NBC, affils amenable

Change in comp inevitable, stations agree

A change is gonna come — that was the message NBC affiliates took home from the Peacock web’s three-day affiliate confab this week in Los Angeles.

NBC execs have proposed a major overhaul to the traditional network-affiliate business model with a plan to phase out affiliate compensation payments by 10% per year over a 10-year period. NBC is proposing that the network and its affils instead participate in a joint venture fund that would invest in a wide range of media-related businesses.

Affils aren’t thrilled with the 25-page proposal sent out last month by NBC Television prexy Neil Braun, but few are dismissing the concept of such a change out of hand. Braun repeatedly stressed in his talks with affils that the plan as written is just a “starting point” for negotiations.

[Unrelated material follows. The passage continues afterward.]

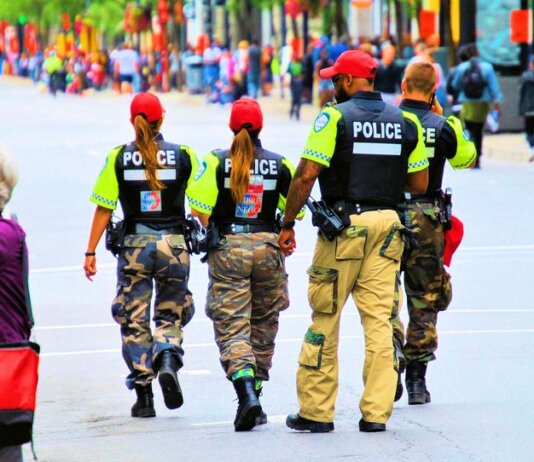 Group of police officers in uniform patrolling a crowded city street on a sunny day.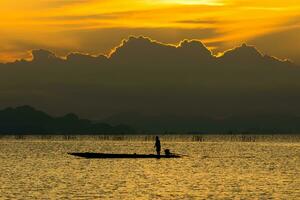 silhueta pescador e pôr do sol céu em a lago. foto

“There’s an open mind on the part of affiliates to work cooperatively with the network,” said Ken Elkins, president and CEO of Pulitzer Broadcasting and the outgoing chairman of NBC’s affiliate board. “The assumption that this is going to be a war is invalid.”

The only consensus that emerged from this week’s powwow was that more meetings and much more debate is needed before the web and its affils can come to terms. Braun and other NBC execs plan to pound out the details of the proposal in regional meetings with affils starting in July.

“People have made it clear that they’re not enamored with what they’ve seen. No one is thrilled with it, but it’s a starting point,” said Alan Frank, president and general manager of WDIV Detroit. Frank was elected chairman of the affiliate board.

Smaller affils unhappy

Braun joked that he managed to include “something in it for everyone to hate.” Braun acknowledged that for station owners in smaller markets, the prospect of phasing out network comp is unsettling, as the payments can amount to as much as 50% of a station’s cash flow. NBC currently shells out about $200 million a year in payments to its 215 station affils in exchange for carrying blocks of the network’s programming in primetime and other dayparts.

Some of the larger station groups with NBC affils are, at first blush, “uncomfortable” with the idea of participating in a venture fund that they would have little control over, Braun added.

In other network-affiliate business, the affils gave the greenlight to helping the web cover the cost of televising the 2008 Olympics by giving back a portion of their local advertising inventory, just as they did for the Summer Games in 1996.

‘Days’ non-exclusivity

NBC’s joint venture plan aside, program exclusivity was the hot topic for NBC affils this week. Both the web and its affils are upset by Columbia TriStar TV’s recent decision to offer same-day pay-per-view telecasts of the NBC soap opera “Days of Our Lives” through satcaster DirecTV.

Don Ohlmeyer, NBC West Coast prexy, would not comment on whether the issue of exclusivity could be a deal-breaking point when the popular soap comes up for renewal early next year.

“We’ll cross that bridge when we come to it,” Ohlmeyer said, although he did add: “It doesn’t do us any good to have a show on our air that a lot of (NBC) stations will preempt or not carry because they’re not happy about the exclusivity issue.”

Sources who attended this week’s closed-door meetings said affils responded with a resounding yes when NBC execs asked if they should draw the line at same-day exclusivity or be prepared to give up “Days,” generally the brightest spot on NBC’s struggling daytime lineup.

Underscoring the sentiment of solidarity between the web and its affils, WDIV’s Frank reiterated their support for NBC’s decision to give up its Sunday pro football NFL franchise when the league’s asking price skyrocketed. Ohlmeyer said NBC is still engaged in “conversations about the viability and practicality” of starting a new football league with Time Warner and other potential partners.